======== RECORDS SHOWN ========

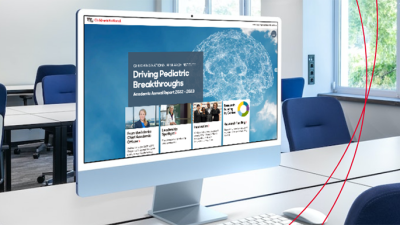 desktop computer showing the CNRI Annual Report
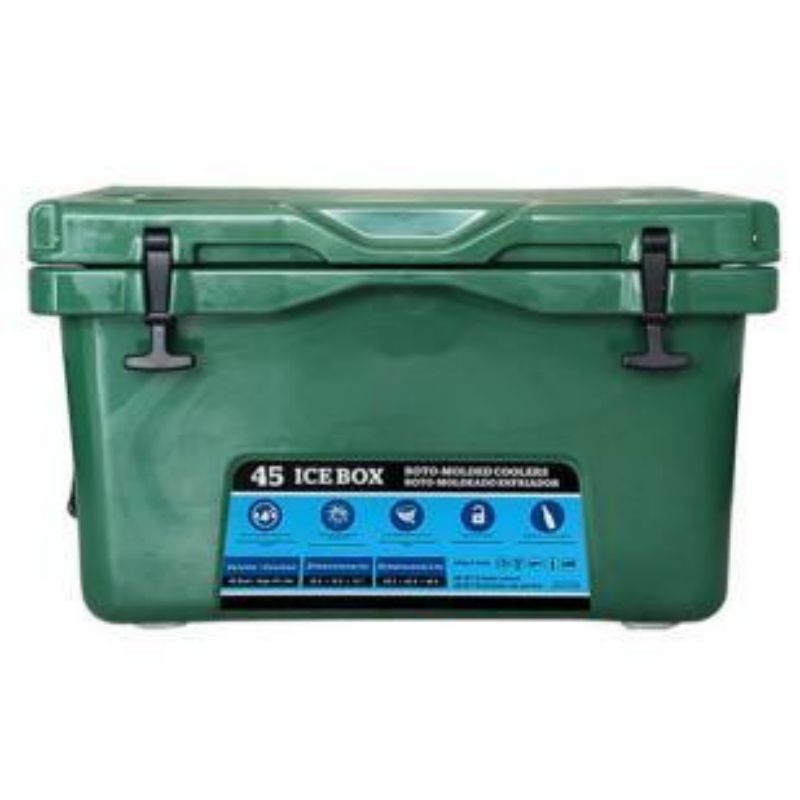HT-AH45 Solid Portable Plastic Green Cooler Box Keep Ice Frozen Longer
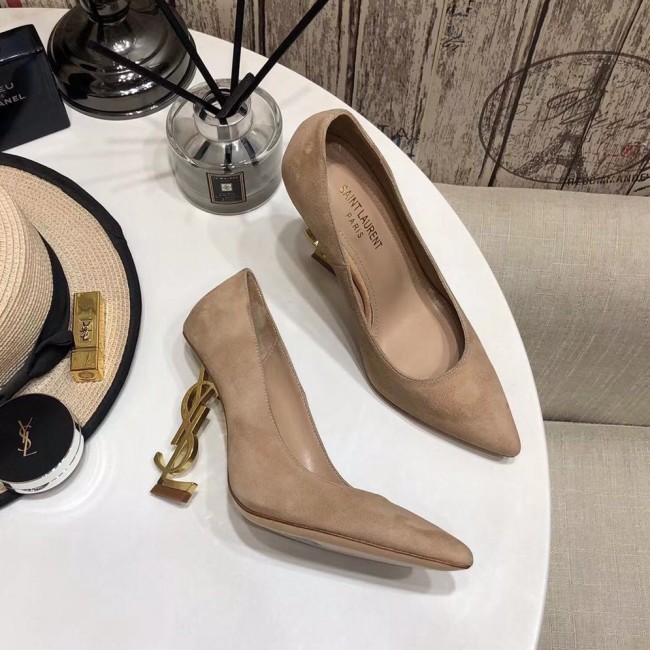 Cassandra Sue Suede Pump Frosted Leather High Heels Beige 11CM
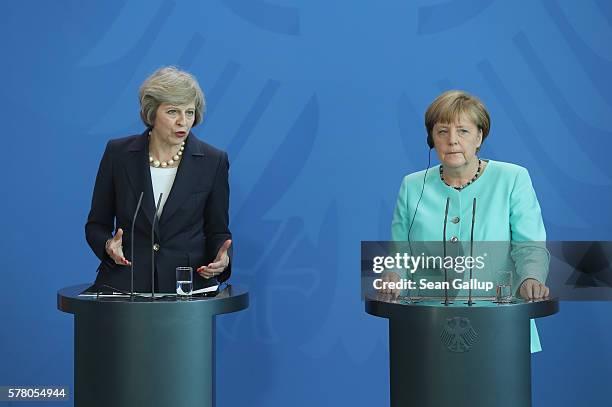 German Chancellor Angela Merkel and British Prime Minister Theresa Mayspeak to the media following talks at the Chancellery on July 20, 2016 in...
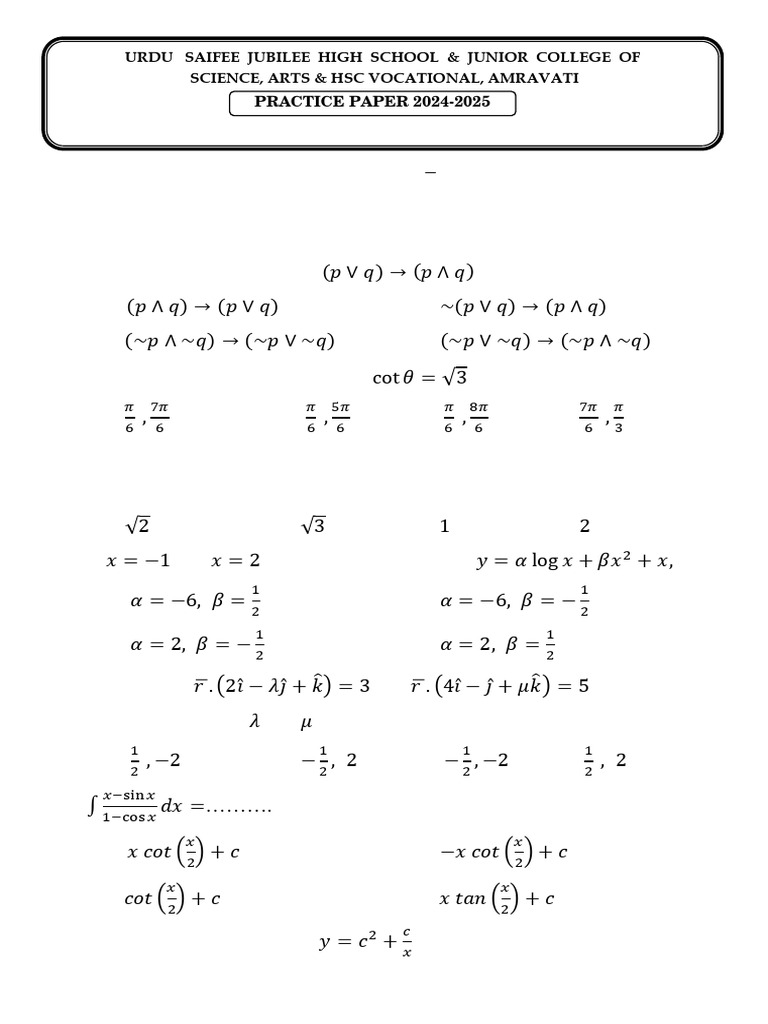 Mathematics Practice Paper 2024-2025 | PDF | Area | Equations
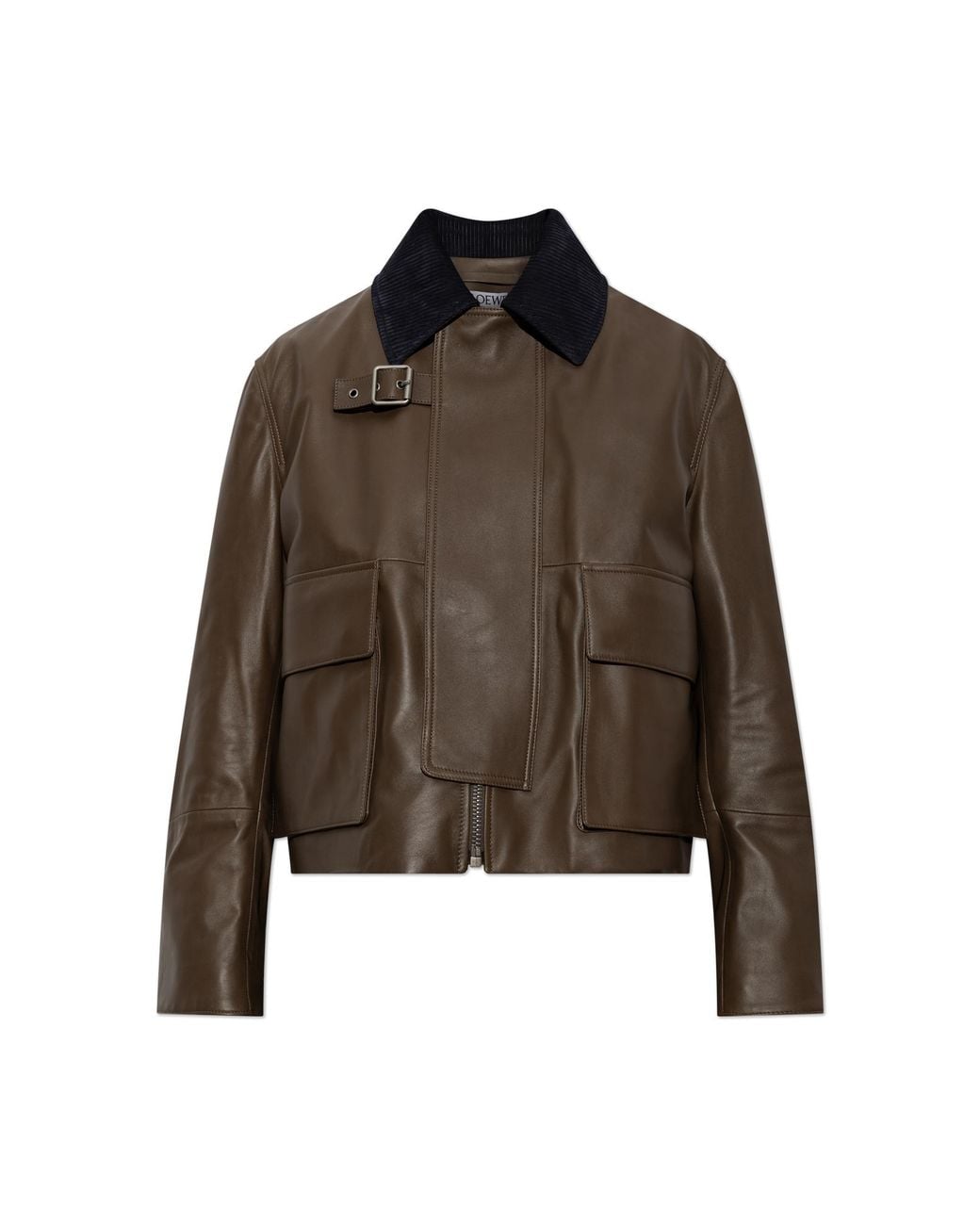 Loewe Brown Leather Jacket With Corduroy Collar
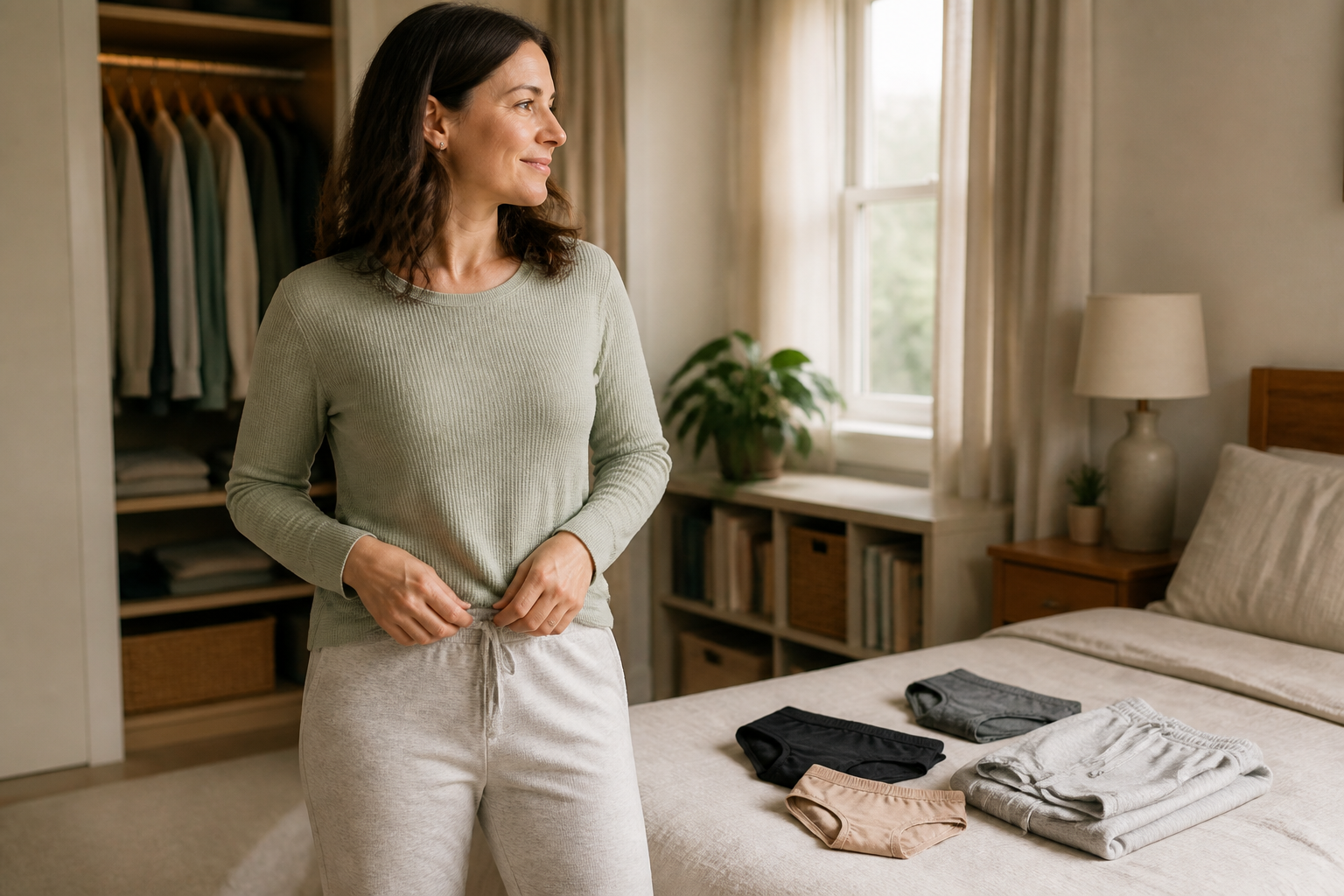 Woman preparing comfortable everyday clothing in a bright bedroom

========

** PROBLEM DESCRIPTION **
What you give back should match the entries above exactly, except that pictures are dropped.

** RESPONSE TO THE TASK **
 desktop computer showing the CNRI Annual Report
HT-AH45 Solid Portable Plastic Green Cooler Box Keep Ice Frozen Longer
 Cassandra Sue Suede Pump Frosted Leather High Heels Beige 11CM
 German Chancellor Angela Merkel and British Prime Minister Theresa Mayspeak to the media following talks at the Chancellery on July 20, 2016 in...
 Mathematics Practice Paper 2024-2025 | PDF | Area | Equations
 Loewe Brown Leather Jacket With Corduroy Collar
 Woman preparing comfortable everyday clothing in a bright bedroom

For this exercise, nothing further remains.